Recipe of the Week 10/27

Posted on October 29th, 2010 by host


The origin of grillades has been the subject of many arguments in Bayou country. It is believed that the dish originated when the country butchers preparing the boucherie sliced thin pieces of fresh pork (or veal or beef) and pan-fried these with sliced onions. The cooking took place, most feel, in black iron pots over the boucherie fires. The grillades were then eaten over grits or rice throughout the day. Today, grillades and grits are a tradition of many Sunday brunch menus. Most recipes call for veal or beef round pounded lightly and smoothed in its natural juices. One of the things I find most interesting about grillades is that it’s one of those dishes that has a place on all rungs of the social ladder. Grillades may be eaten on the sharecroppers breakfast table or on the grand buffets of New Orleans.
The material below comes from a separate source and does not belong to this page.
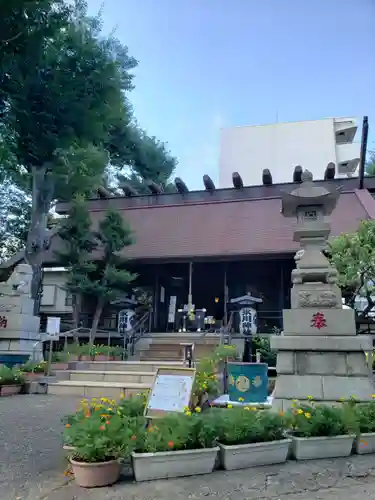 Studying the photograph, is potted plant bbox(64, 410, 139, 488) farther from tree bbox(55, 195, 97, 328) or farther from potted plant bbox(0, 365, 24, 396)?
tree bbox(55, 195, 97, 328)

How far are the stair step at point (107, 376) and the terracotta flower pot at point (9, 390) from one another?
1.03 metres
  • 2 medium size round steaks
  • 1 cup flour
  • ¼ cup shortening or bacon drippings
  • 1 cup finely diced onions
  • 1 cup finely diced celery
  • ½ cup finely diced bell pepper
  • 1 cup diced tomatoes
  • 1 cup finely sliced green onions
  • ¼ cup diced garlic
  • 3 cups beef stock
  • 1 cup sliced mushrooms
  • ¼ cup parsley
  • salt and cracked black pepper to taste

Cut round steak into three inch square cubes. Season to taste using salt and cracked black pepper. Dust pieces generously in flour and set aside. In a heavy bottom dutch oven, heat shortening or bacon drippings over medium high heat. Sauté round steak until brown on all sides. Add onions, celery, bell pepper, tomatoes, green onions and garlic. Sauté until vegetables are wilted, approximately three to five minutes. Add beef stock, bring to a low boil and reduce heat to simmer. Cover dutch oven and allow grillades to cook slowly for approximately forty-five minutes. Stir occasionally to keep seasonings from scorching. Once tender, add mushrooms and parsley, adjust seasonings if necessary and cook ten additional minutes. Serve over grits as a breakfast item or over rice as an entrée.